To mutate an agent, we use clojure.core/send
and clojure.core/send-off
:
@errors-counter
;; ⇒ 0
(send errors-counter inc)
;; ⇒ #object[clojure.lang.Agent 0x45e6d1e0 {:status :ready, :val 0}]
@errors-counter
;; ⇒ 1
;; 10 is an additional parameter. The + function will be invoked as `(+ @errors-counter 10)`.
(send errors-counter + 10)
;; ⇒ #object[clojure.lang.Agent 0x45e6d1e0 {:status :ready, :val 1}]
@errors-counter
;; ⇒ 11
send
and send-off
are largely similar. The difference is in how they are implemented. send
uses a
fixed-size thread pool so using blocking operations with it won't yield good throughput. send-off
uses a growing thread-pool so blocking operations is not a problem for it as long as there are resources
available to the JVM to create and run all the threads. On a 4-8 GB machine with 4 cores and stock
OS settings you can expect up to a couple of thousand I/O-bound threads to work without running
the system out of kernel resources.
Using Custom Executors With Agents
Agents can be used (and abused) for arbitrary code execution in a thread pool. Because the default
thread pool Clojure maintains will not be a good fit for all use cases, Clojure provides
a function that lets you control what thread pool (executor) is used by clojure.core/send
:
clojure.core/set-agent-send-executor!
.
(import java.util.concurrent.Executors)
(set-agent-send-executor! (Executors/newFixedThreadPool 32))
;; clojure.core/send now will use the fixed size thread pool with 32 threads
The default thread pool size is number of available CPU cores + 2
.
clojure.core/set-agent-send-off-executor!
is a similar function that controls what
thread pool clojure.core/send-off
will use.
Finally, another useful function is clojure.core/send-via
which is like
clojure.core/send
but lets you specify
an executor to be used on a case-by-case basis:
(import java.util.concurrent.Executors)
(def custom-pool (Executors/newFixedThreadPool 32))
;; just like clojure.core/send but will use custom-pool instead
;; of an internally maintained one
(send-via custom-pool stream-agent inc)
Agents and Software Transactional Memory
We haven't introduced refs and the concept of Software Transactional Memory yet.
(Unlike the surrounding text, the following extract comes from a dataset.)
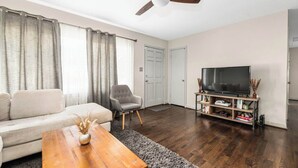 Una sala de estar con sofá, sillón, mesa de centro, mueble para televisión y ventilador de techo.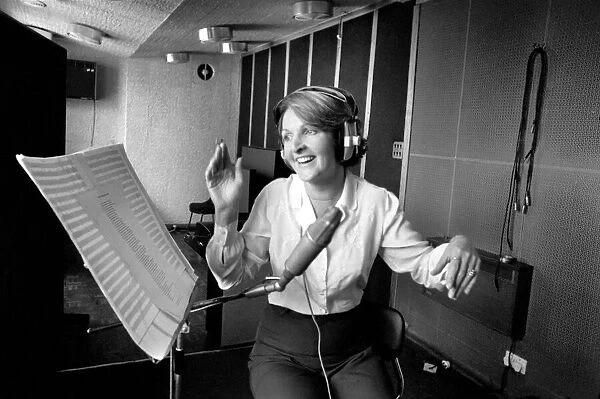 Actress Penelope Keith makes a record about a Dachsund dog. June 1980 80-03067-006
It will be covered later in this guide. Here it's sufficient to mention that agents are STM-aware and can be safely used inside transactions.
Agents and Error Handling
Functions that modify an agent's state will not always return successfully in the real world. Sometimes they will fail. For example:
@errors-counter
;; ⇒ 11
(send errors-counter / 0)
;; ⇒ #object[clojure.lang.Agent 0x45e6d1e0 {:status :ready, :val 11}]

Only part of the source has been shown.